I think New Year’s Eve, a Saturday, was probably the worst of it. My face would feel so hot I feared combustion. Then, moments later, it was like ice. I cancelled my lunch plans and laid down on the floor again. At noon I got up and read a little and then laid down again. And then a little before five I walked to a potluck gathering, which I stayed at for an hour or so. I walked back to my house and went out to the little enclosed back porch out back, where I lit a cigarette and heaved and hacked my way through two drags. I had a cold that entailed some kind of respiratory issue, so as my chest got heavier the act of breathing became more difficult. And so there I stood, smoking. After two drags I put the cigarette out. An hour later I broke all the cigarettes I had in the house into at least three pieces, drenched them in water and then drained them into an empty coffee can.
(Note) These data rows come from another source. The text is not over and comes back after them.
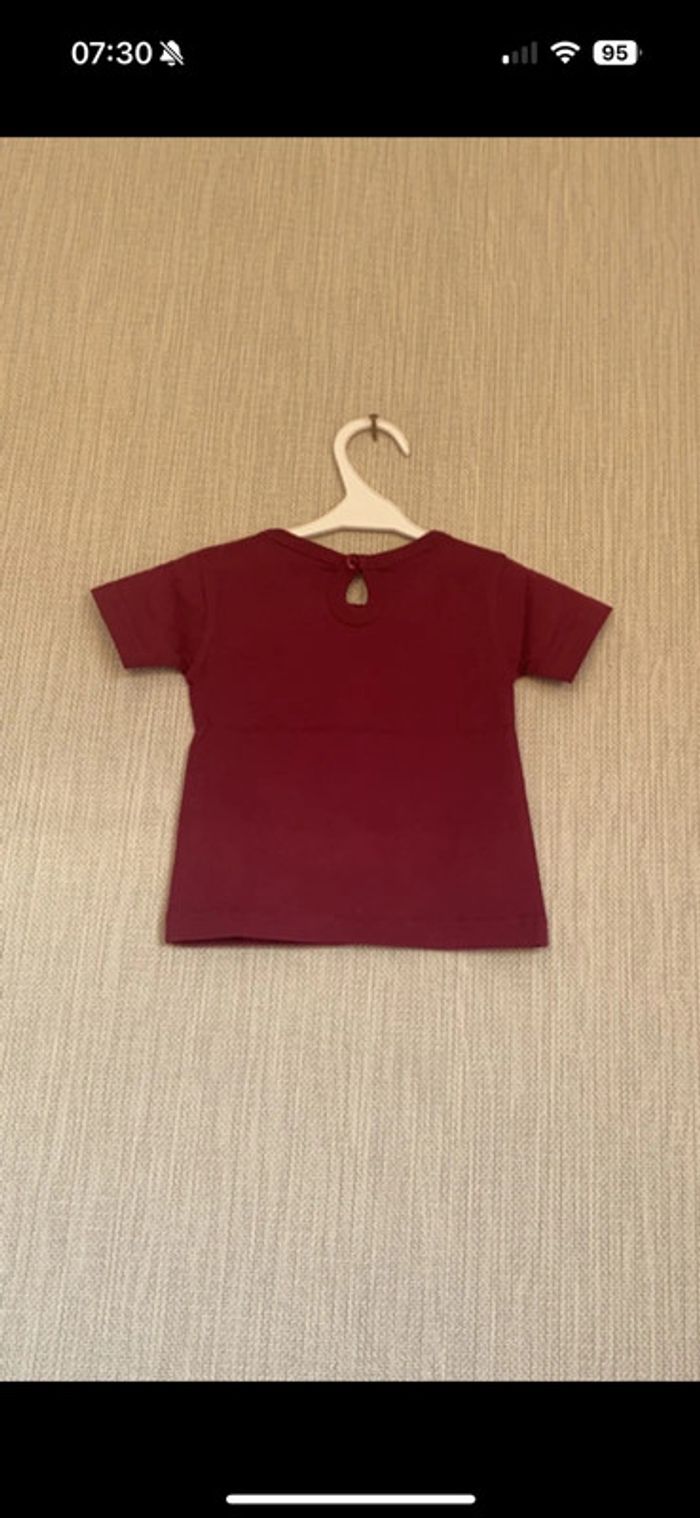 T-shirt bordeau Neuf Taille 2 ans - photo numéro 2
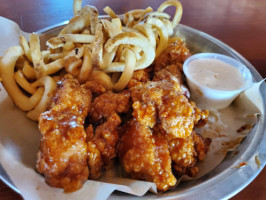 Hooters food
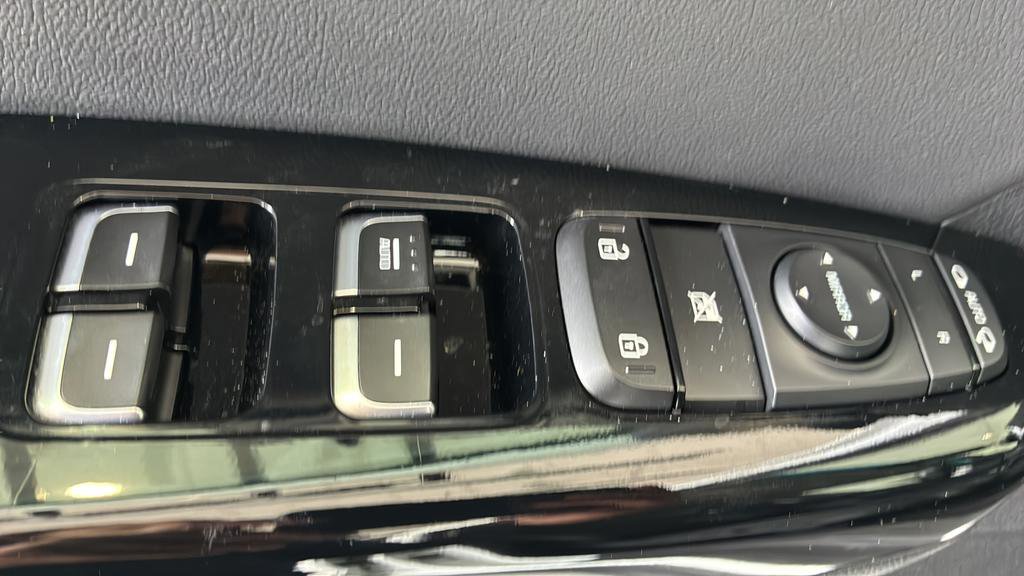 Used 2020 Kia Sportage EX FWD image 21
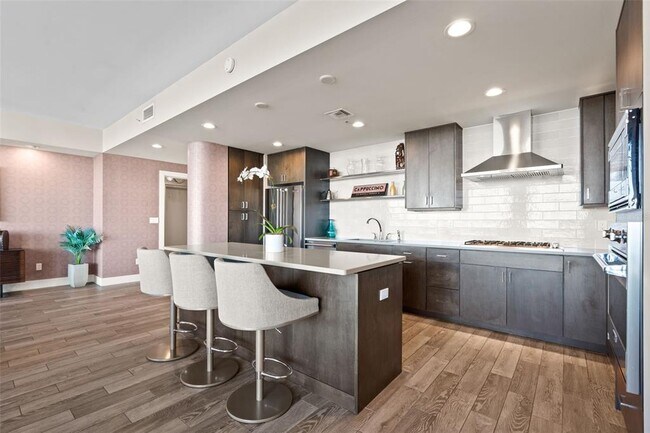 Building Photo - 176 4th Ave NE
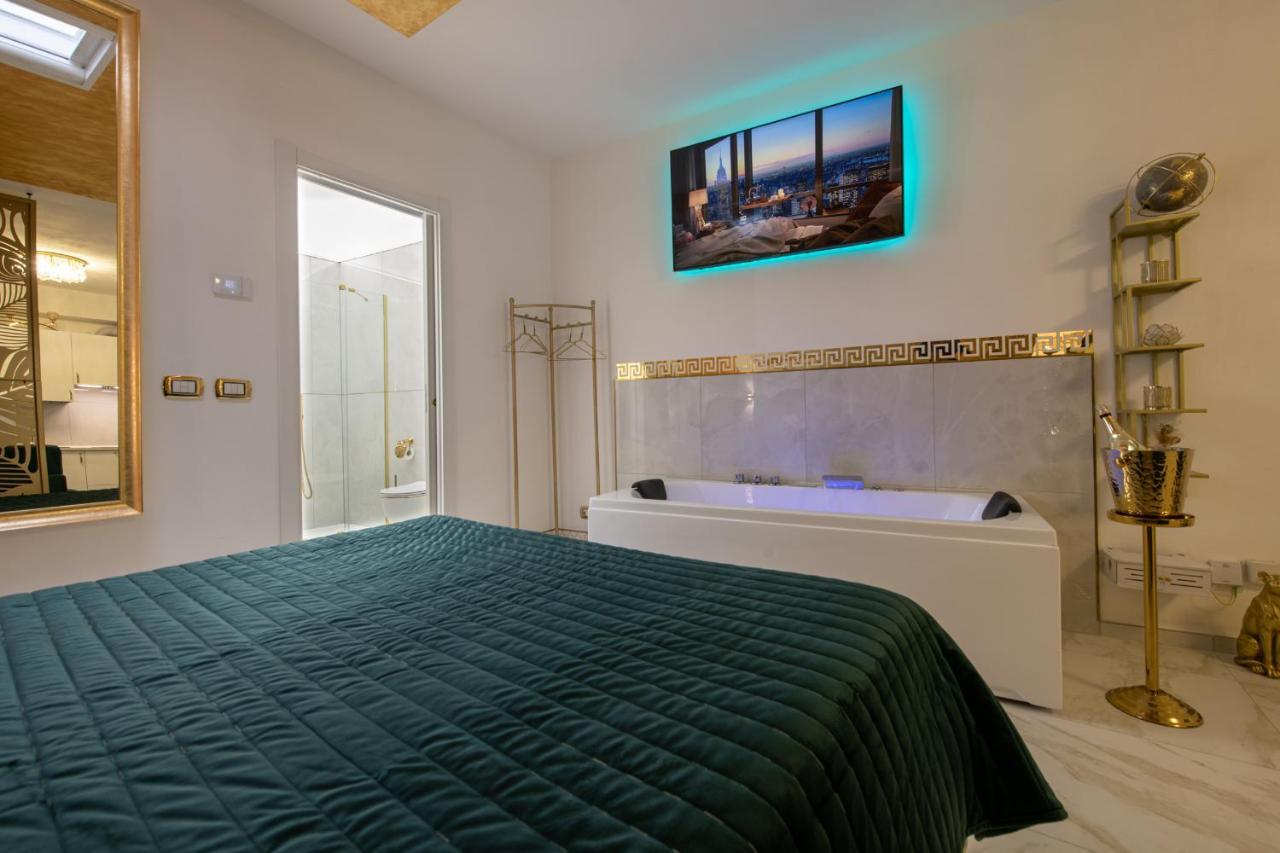 Fashion Apartment Gold Bologna With Jacuzzi & Car Garage Екстер'єр фото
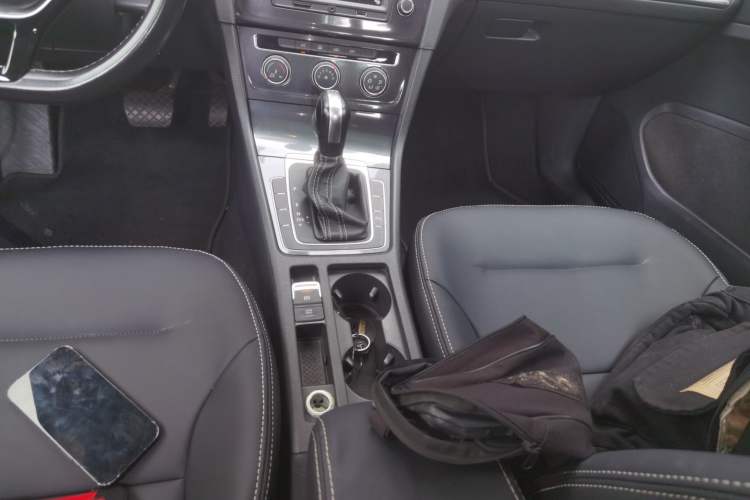 Used Volkswagen Golf 2017 230TSI Automatic Comfort Edition – Celebrating Milestone of One Million Units
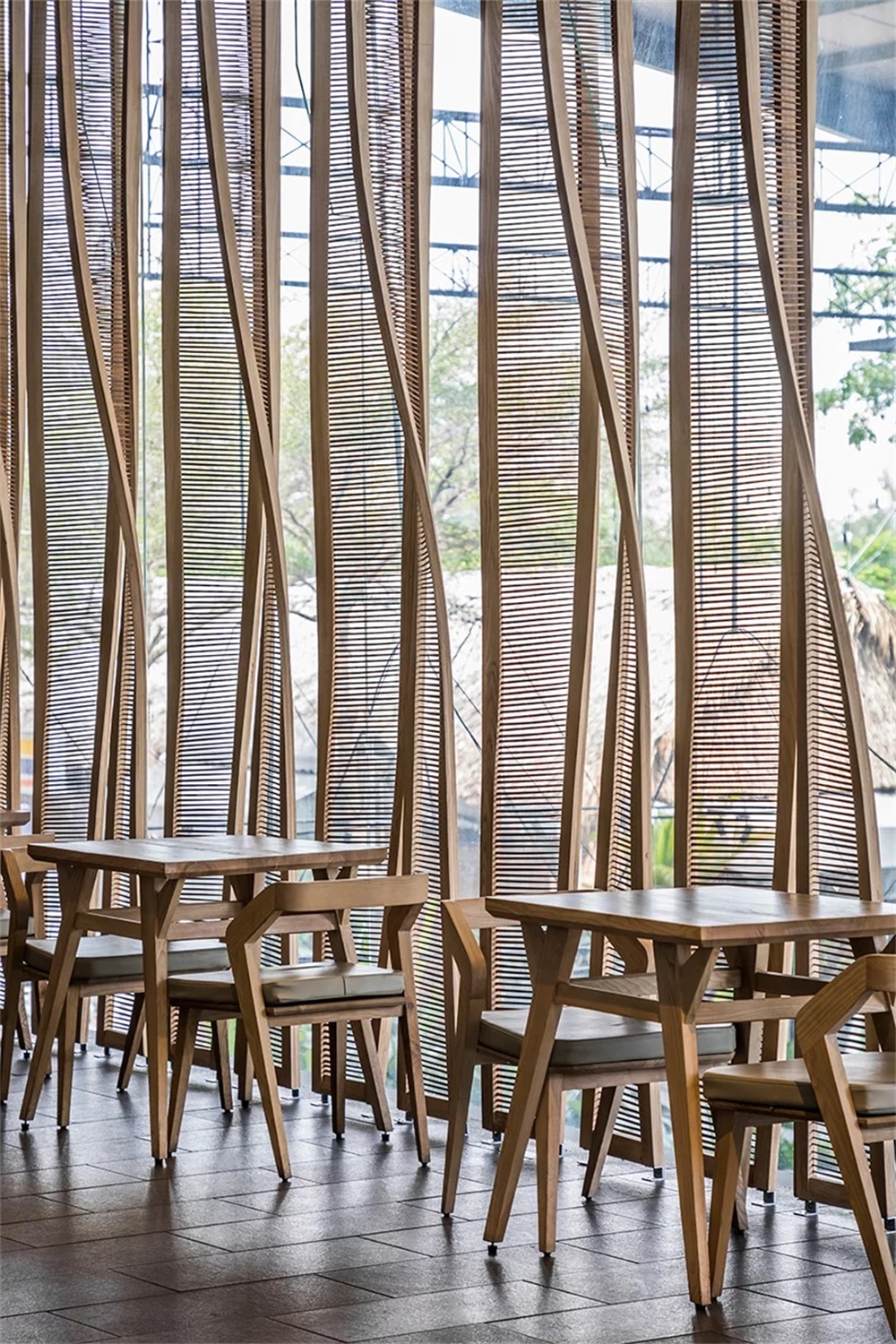 餐飲空間，Takashi Niwa Architects，Ippudo餐廳，越南，改造設計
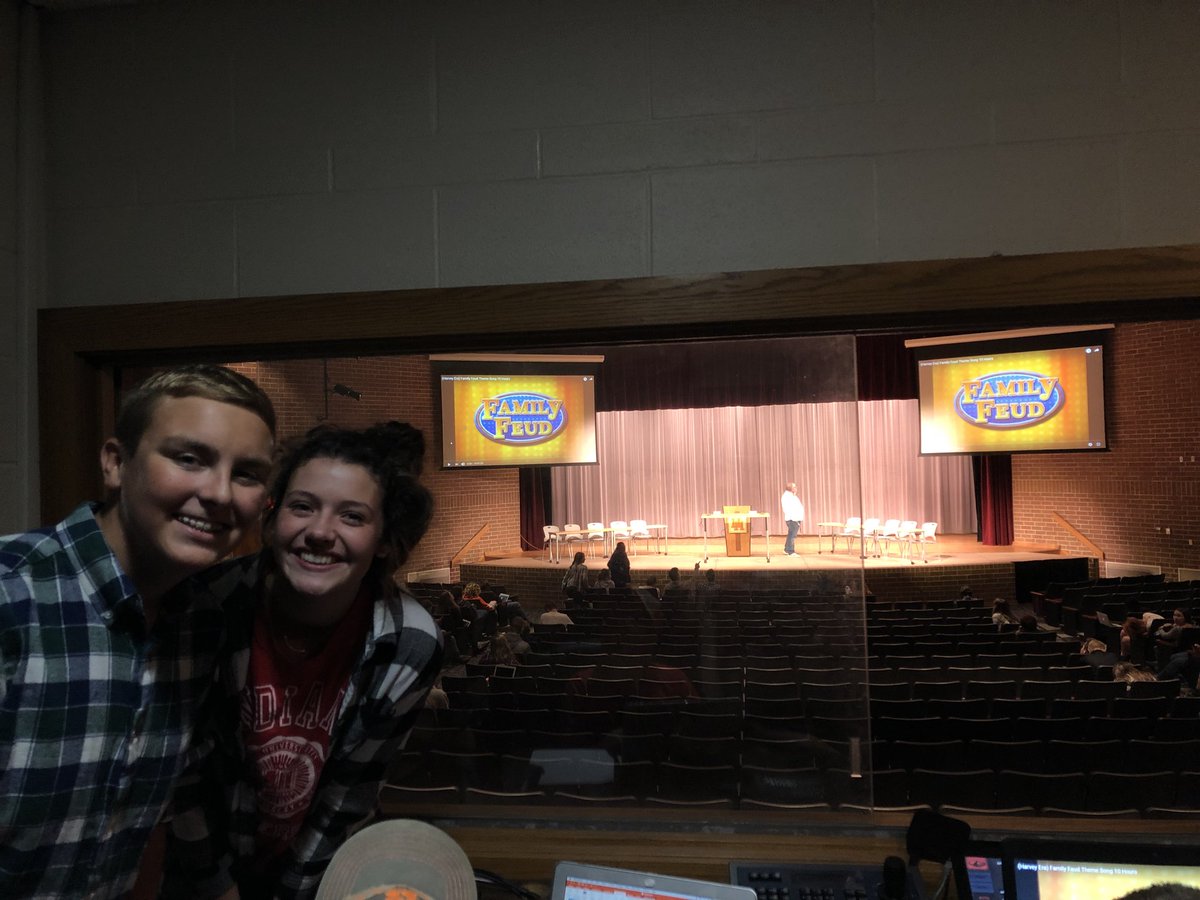 HHHSclassof21's tweet photo. setting up for family feud! everyone come! only $1!!! https://t.co/J5x7m5ou28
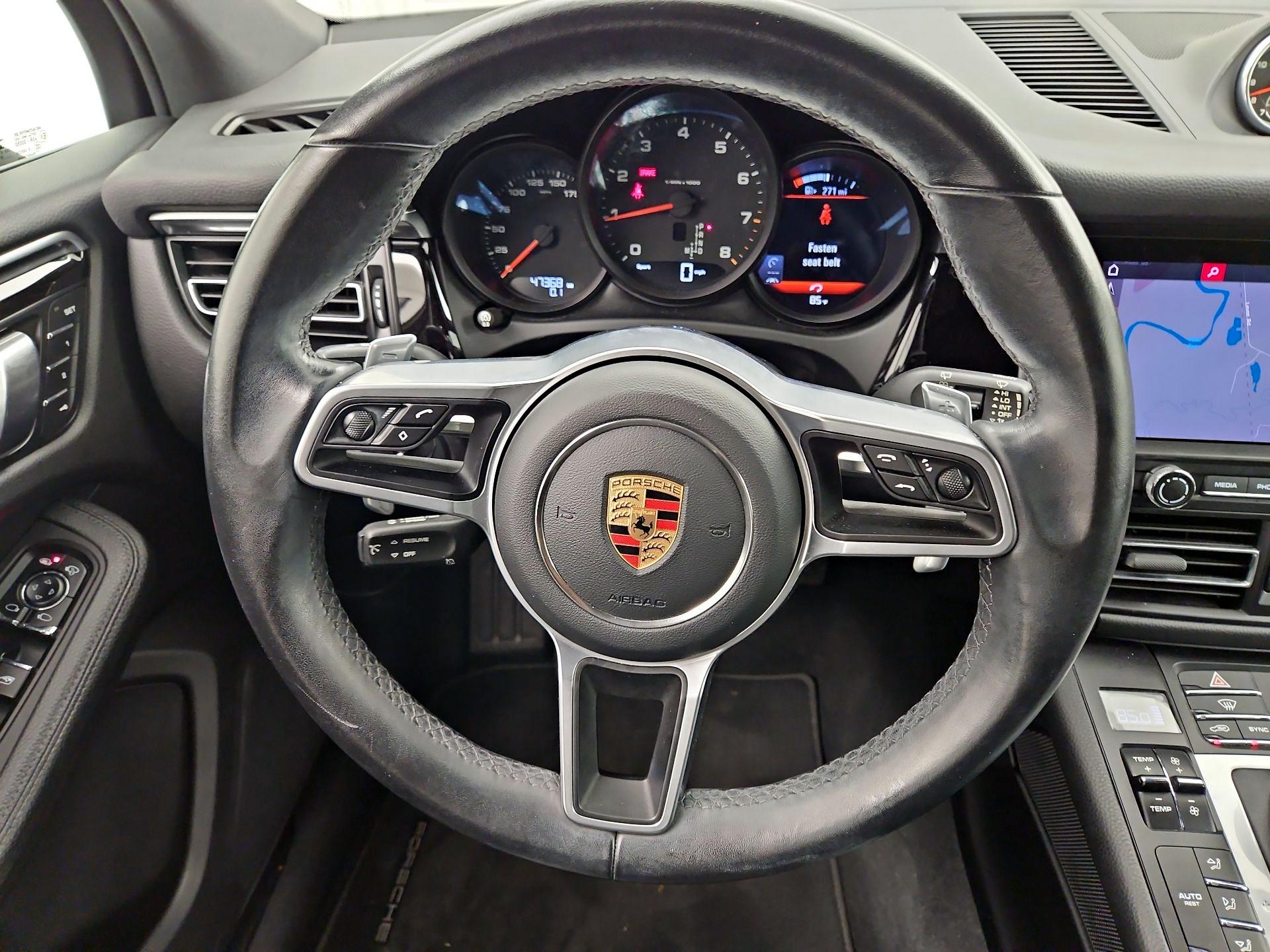 Thumbnail: 2020 Porsche Macan - 10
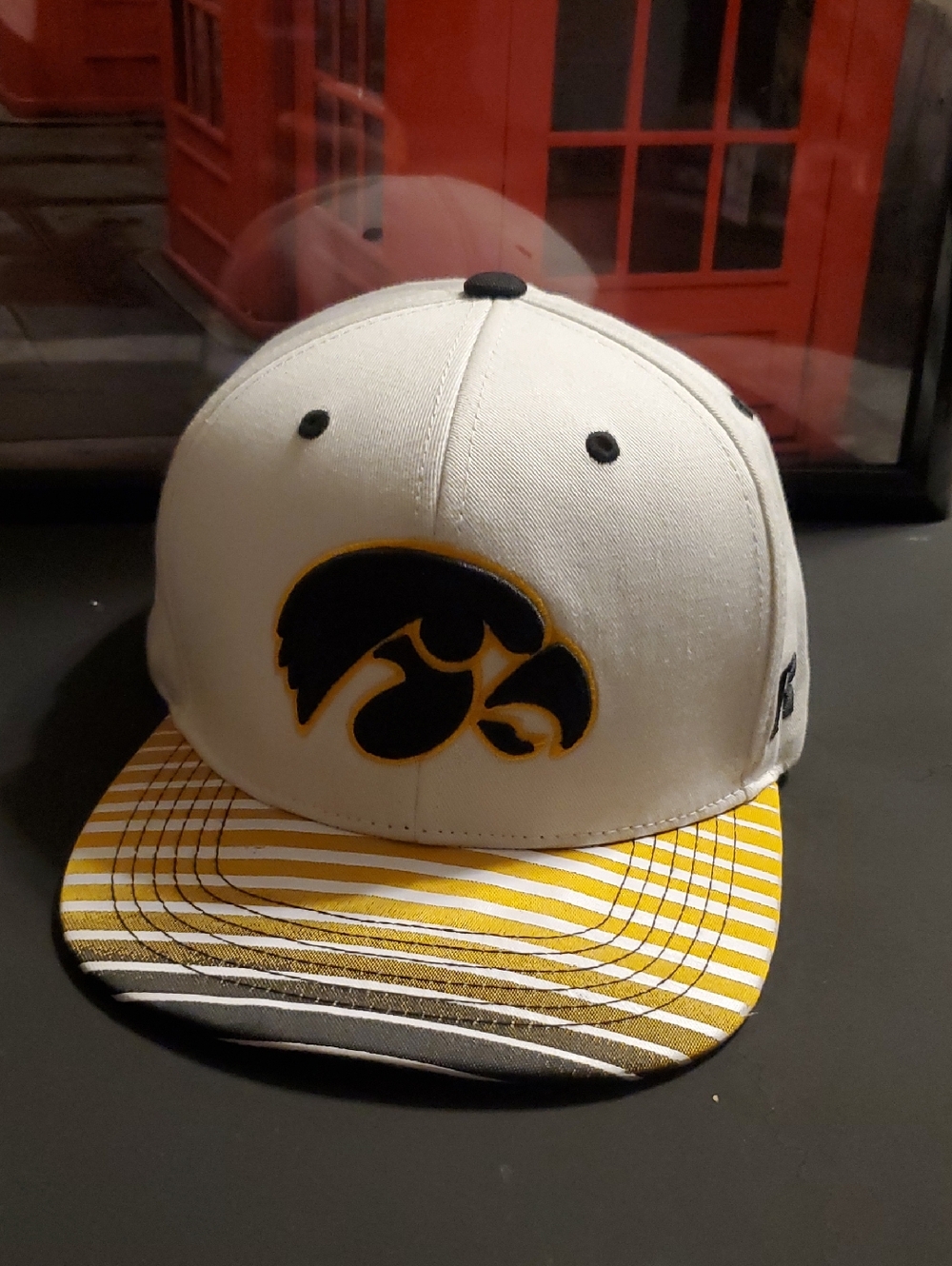 New Era Iowa Hawkeyes Team Rope Golfer hat features a white crown and a black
The coffee can, and the one remaining ashtray, were in the garbage before the beginning of 2012.

For me, smoking fell out of the social realm many years ago. I do recall (fondly, I have to say) going out to bars and cafes and restaurants and smoking with other people. There was something very reassuring, I thought, about lighting a cigarette right after the after-dinner coffee was poured. There was a time when I could smoke my way through most of a pack in a single sitting – or standing – at a bar. I also thought that smoking was one of the very few pleasant aspects of driving. Cigarettes somehow added a fleck of civility to the depravity of sitting in traffic on the outskirts of a city famous for incorporating public transportation into its urban planning.

The act of smoking changed so much in a relatively brief period of time. For me, it became very private, and very confined to one particular space. And not long after I quit drinking, I started trying to figure out what it was exactly that would prompt me to light a cigarette. Almost every cigarette I smoked, I figured out, I smoked in order to avoid doing something else. They weren’t relaxing. They weren’t pleasant. They certainly weren’t a whimsical ending to a tasty sexual escapade, and from the vantage point of the fifth full day without one, I don’t exactly miss them, I don’t exactly want one, but I cannot honestly say that their absence has gone unnoticed.